Now, in 2019, the Irish have doubled down on their campaign to win access to the E-3. Varadkar visited Washington DC in March and met with President Donald Trump. In addition, Varadkar met with congressional leaders. Neal, who chairs the important House Ways and Means committee, plans to reintroduce the legislation. According to a report in Irish Central, Pelosi has said the E-3 legislation might be amended to spending legislation making its passage all the more likely.

At the policy and operation level, Australia outstrips Ireland with ease, but there is something to be said for an annual leadership meeting.

While the possibility remains that the new E-3 legislation might yet fall over, it is highly unlikely. Irish Central also reported that at the annual meeting with the Irish leader, Trump said: “The E3 has been brought too far to quit on it.”

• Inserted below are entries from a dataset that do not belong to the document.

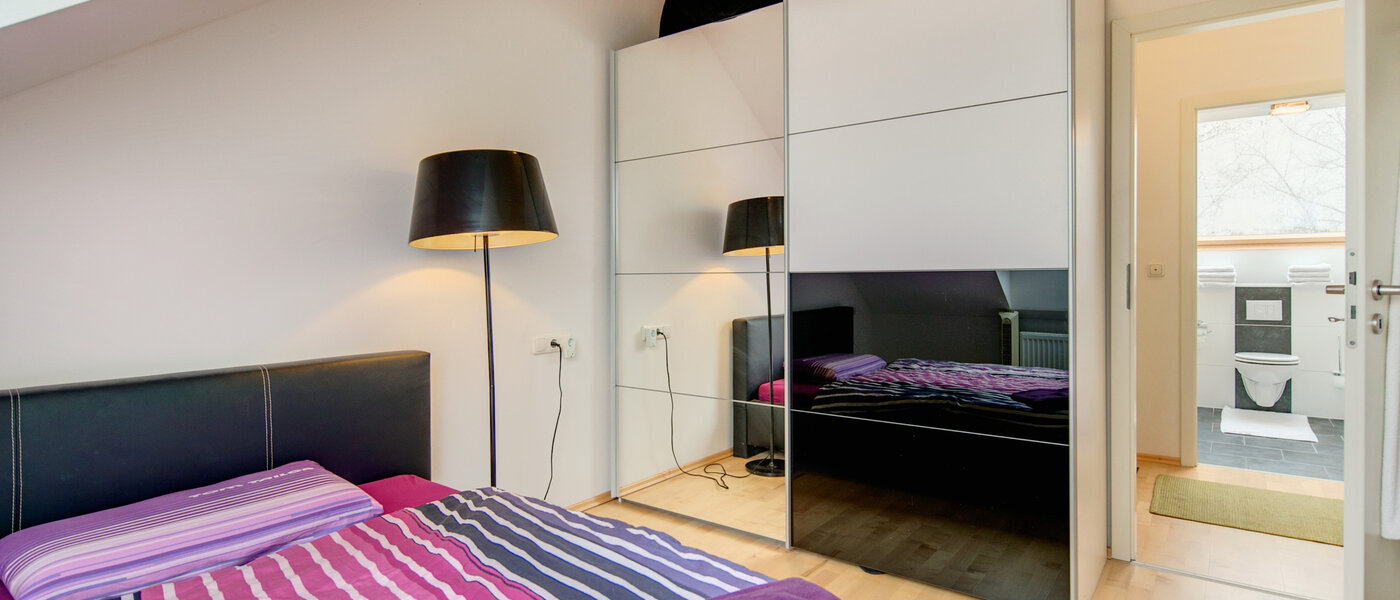 attico con terrazzo München Untermenzing 03 zona notte 7372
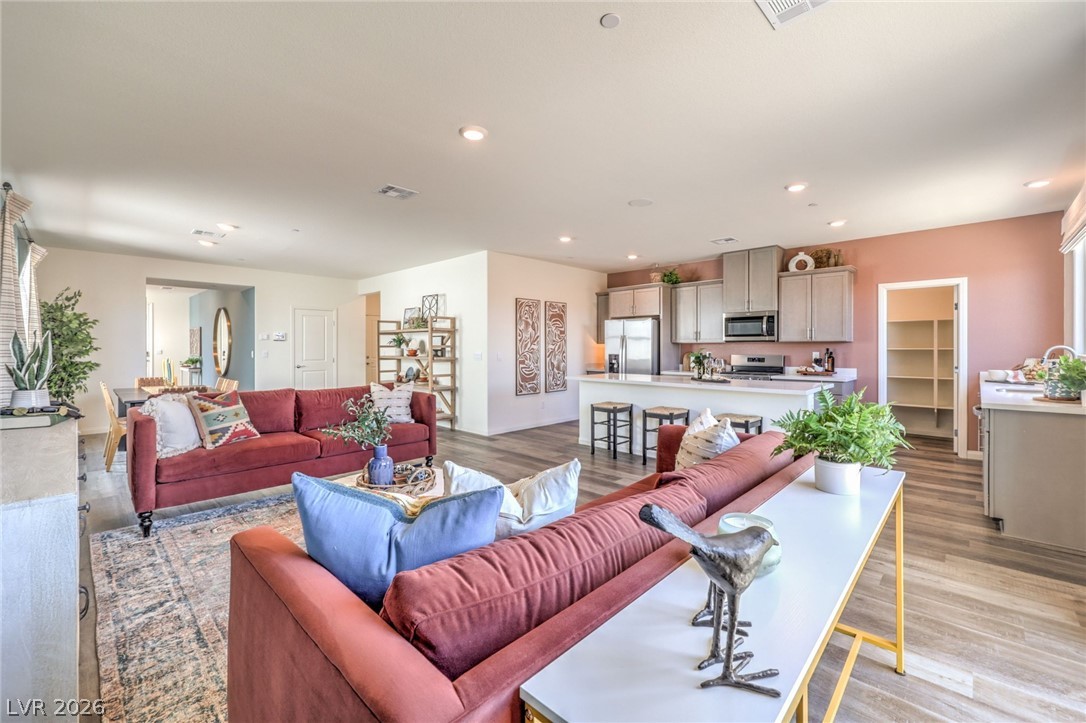 1017 Copper Robin Street Henderson, NV 89011 - Photo 12 of 43 Living room with light wood-style flooring and recessed lighting. Photo is representational only; actual home finishes may vary.
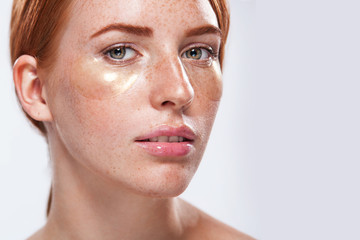 Fototapeta premium Beautiful model woman with ginger hair and frackles and gold patches for skin care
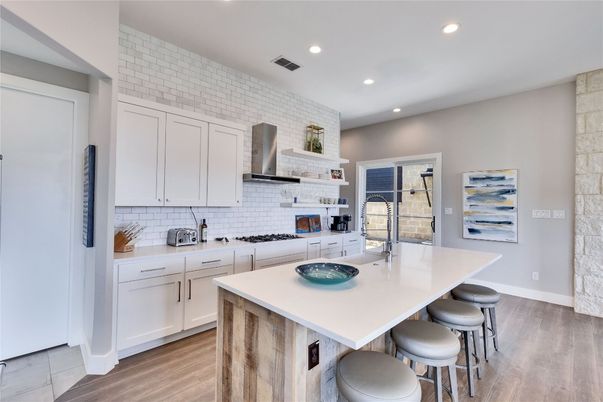 Interior, Kitchen, Recessed Lighting, Stainless Steel Appliances, Stone Walls, Wood Texture Flooring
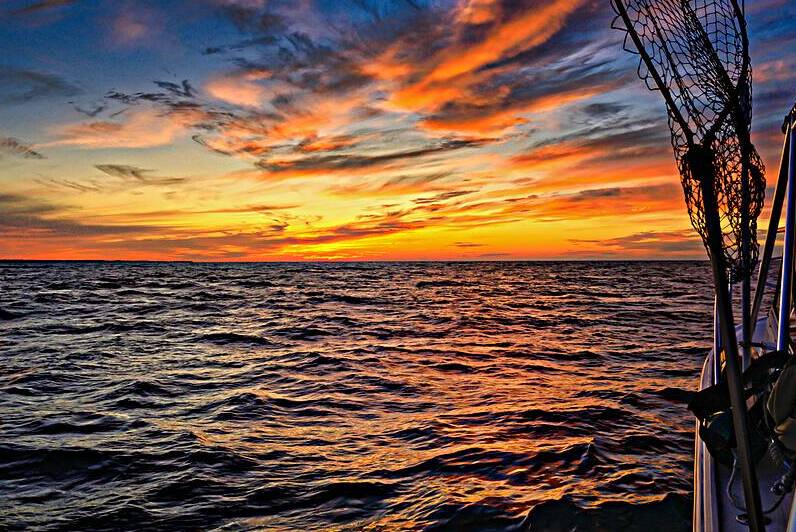 Sailing into Octobers Glow: A Maritime Adventure on the Waves by Dream World Images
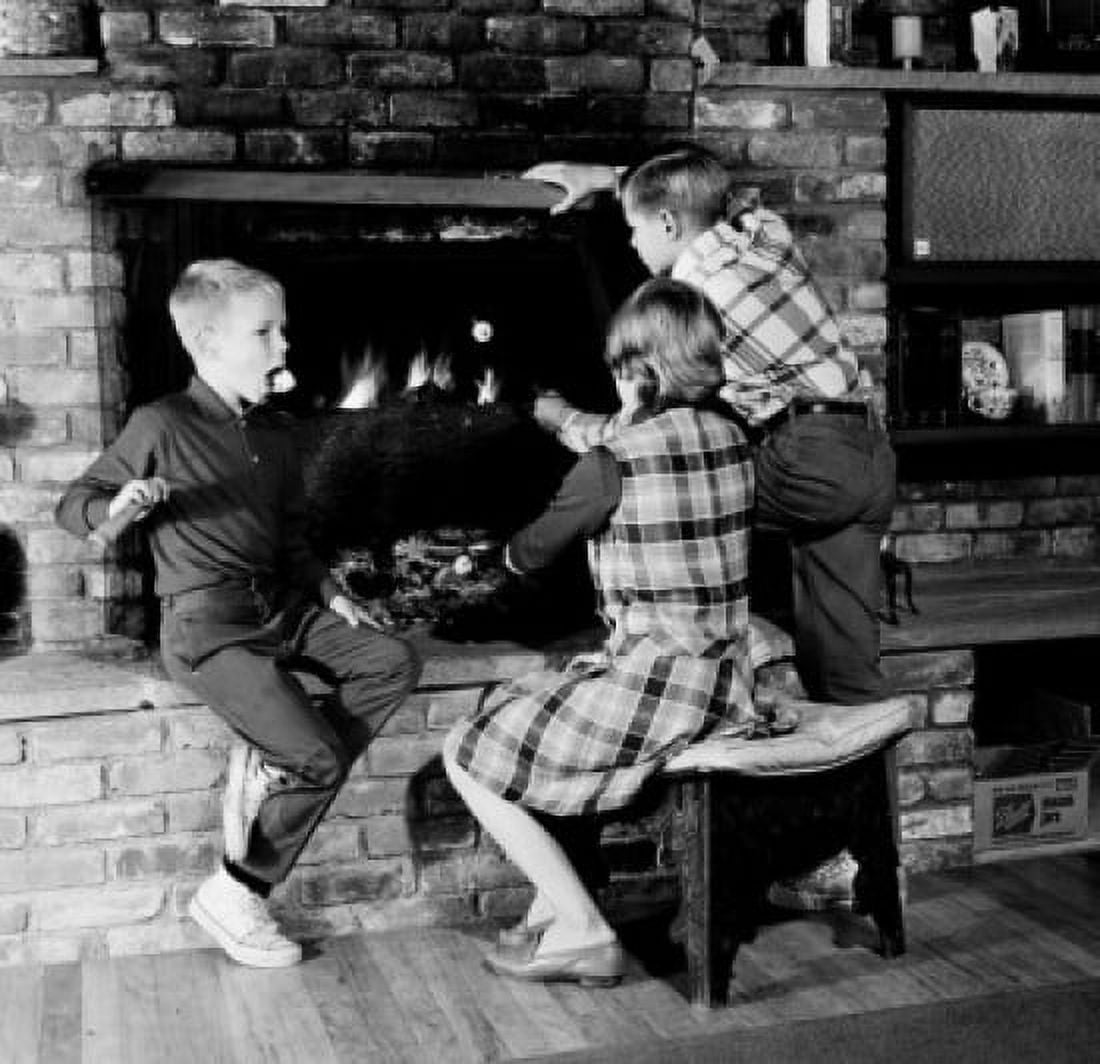 Girl and two boys in front of fireplace Canvas Art - (24 x 36)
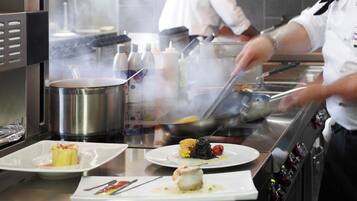 Una cocina con electrodomésticos de acero inoxidable, un chef preparando comida y platos con guarniciones.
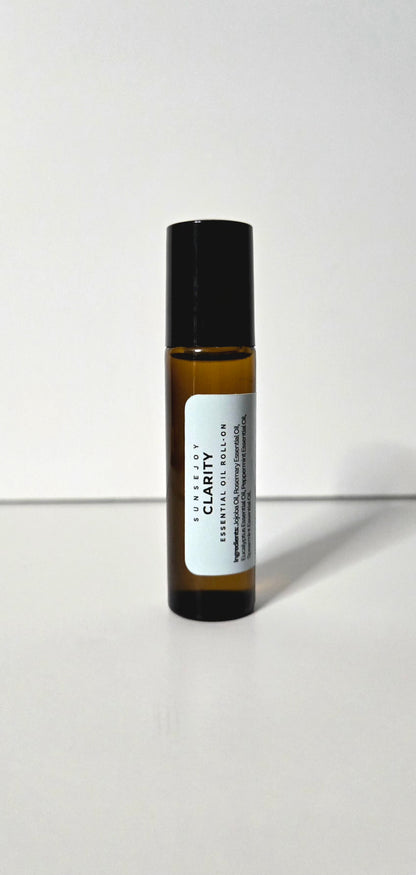Small brown bottle with a black cap on a white background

The Irish effort offers two lessons that Australia might consider. The first concerns Ireland’s use of a member of the Dáil Éireann, the legislative body, as an envoy to the US Congress. Deasy has deep experience of working in the US Congress during the 1990s. That, combined with the imprimatur as US Envoy, appointed by Varadkar, makes him a very effective operator.

The second is the annual visit by the Irish Taoiseach, who meets with the many officials in Washington with Irish heritage. The Australian diaspora is not, of course, anything like the Irish, but it does invite comparisons for Australia’s engagement in Washington. At the policy and operation level, Australia outstrips Ireland with ease, but there is something to be said for an annual leadership meeting.

Perhaps it is time to reimagine the annual AUSMIN meetings.